_Exercise details:_
Make an exact copy of the records below, leaving every image out.

Stored dataset items:
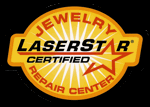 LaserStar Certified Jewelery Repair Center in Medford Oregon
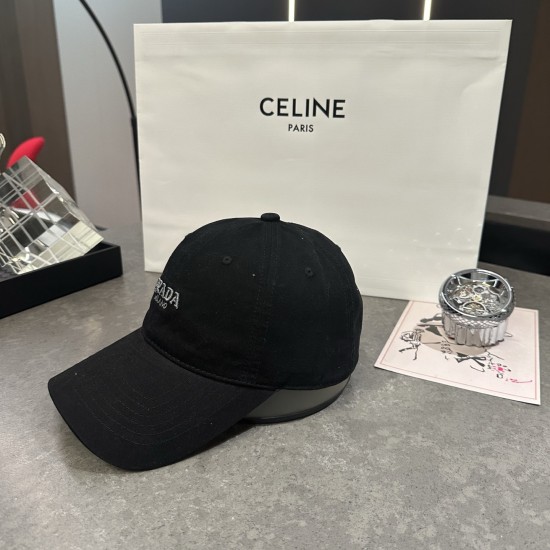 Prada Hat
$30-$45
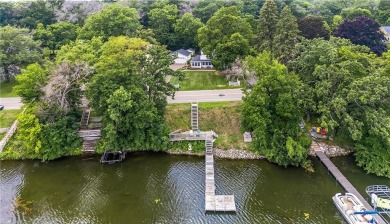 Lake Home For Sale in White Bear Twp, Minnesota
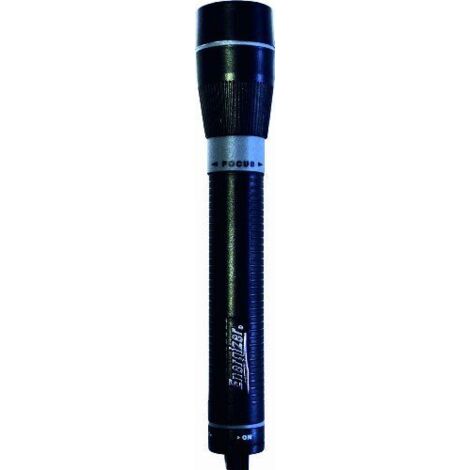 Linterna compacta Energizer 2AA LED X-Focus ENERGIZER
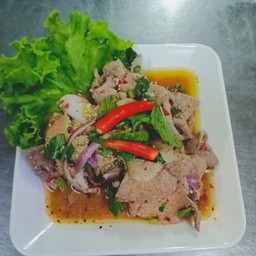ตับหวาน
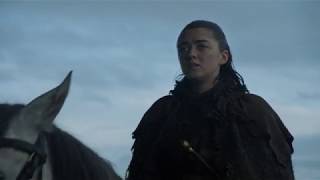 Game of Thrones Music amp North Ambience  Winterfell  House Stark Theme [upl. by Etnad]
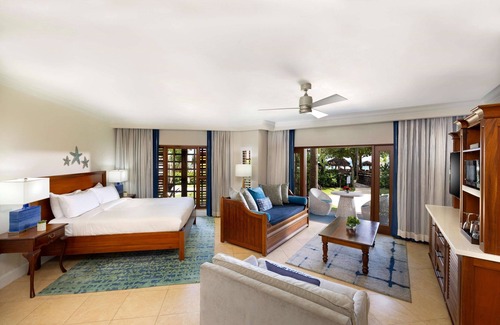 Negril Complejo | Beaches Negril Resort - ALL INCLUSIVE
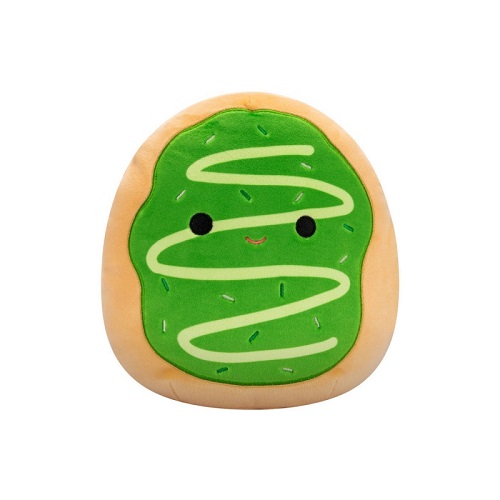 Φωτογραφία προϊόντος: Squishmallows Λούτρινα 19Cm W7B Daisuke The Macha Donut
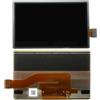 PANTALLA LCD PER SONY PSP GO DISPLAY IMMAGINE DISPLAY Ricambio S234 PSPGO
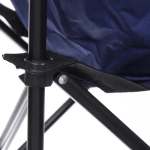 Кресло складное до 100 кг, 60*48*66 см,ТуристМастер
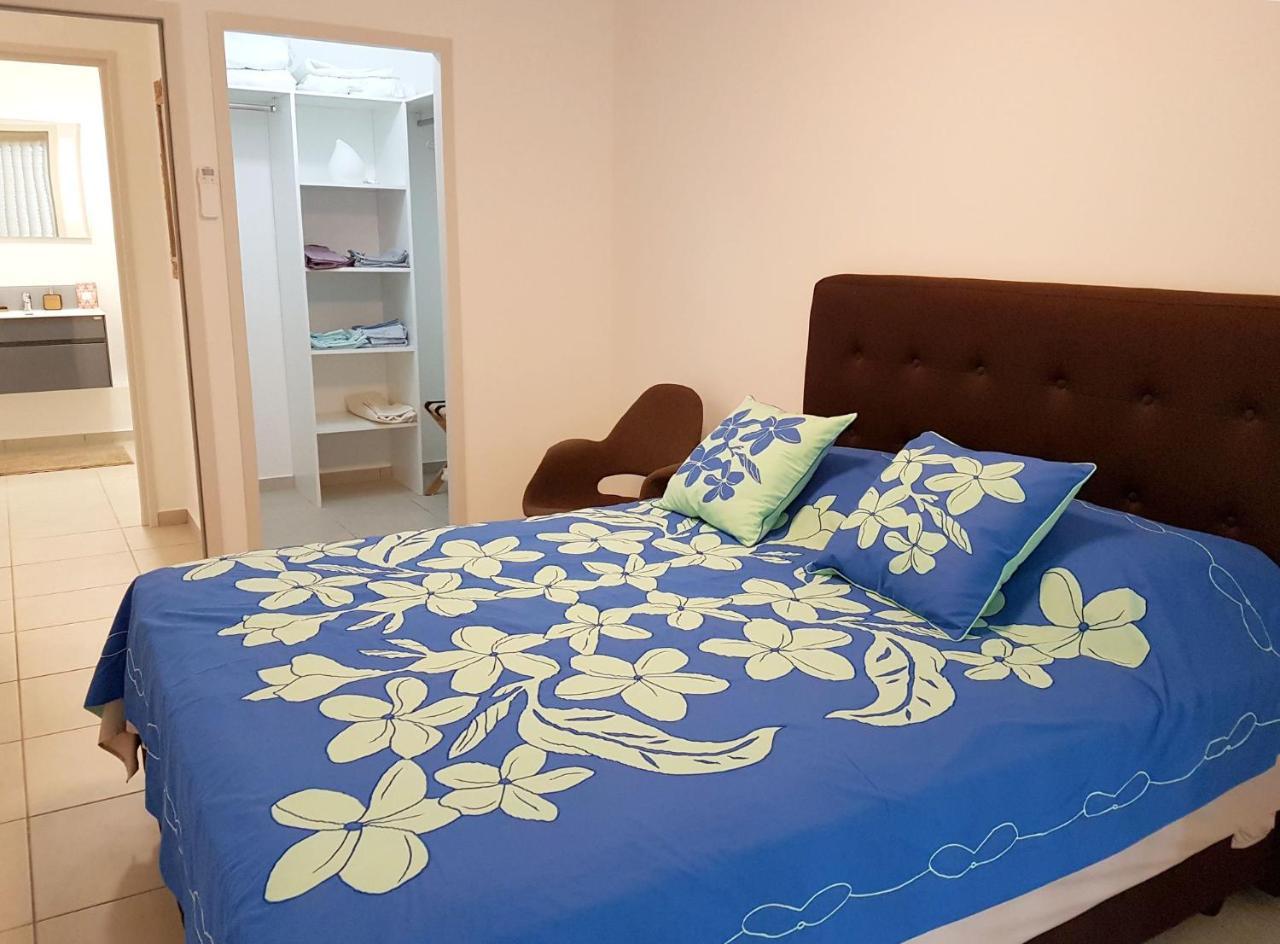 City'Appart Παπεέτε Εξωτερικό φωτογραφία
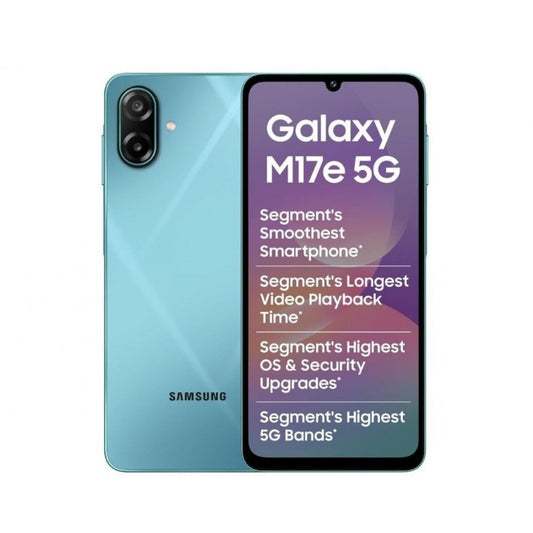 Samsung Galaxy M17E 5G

_Problem solution:_
 LaserStar Certified Jewelery Repair Center in Medford Oregon
 Prada Hat
$30-$45
 Lake Home For Sale in White Bear Twp, Minnesota
 Linterna compacta Energizer 2AA LED X-Focus ENERGIZER
ตับหวาน
 Game of Thrones Music amp North Ambience  Winterfell  House Stark Theme [upl. by Etnad]
 Negril Complejo | Beaches Negril Resort - ALL INCLUSIVE
 Φωτογραφία προϊόντος: Squishmallows Λούτρινα 19Cm W7B Daisuke The Macha Donut
 PANTALLA LCD PER SONY PSP GO DISPLAY IMMAGINE DISPLAY Ricambio S234 PSPGO
 Кресло складное до 100 кг, 60*48*66 см,ТуристМастер
 City'Appart Παπεέτε Εξωτερικό φωτογραφία
 Samsung Galaxy M17E 5G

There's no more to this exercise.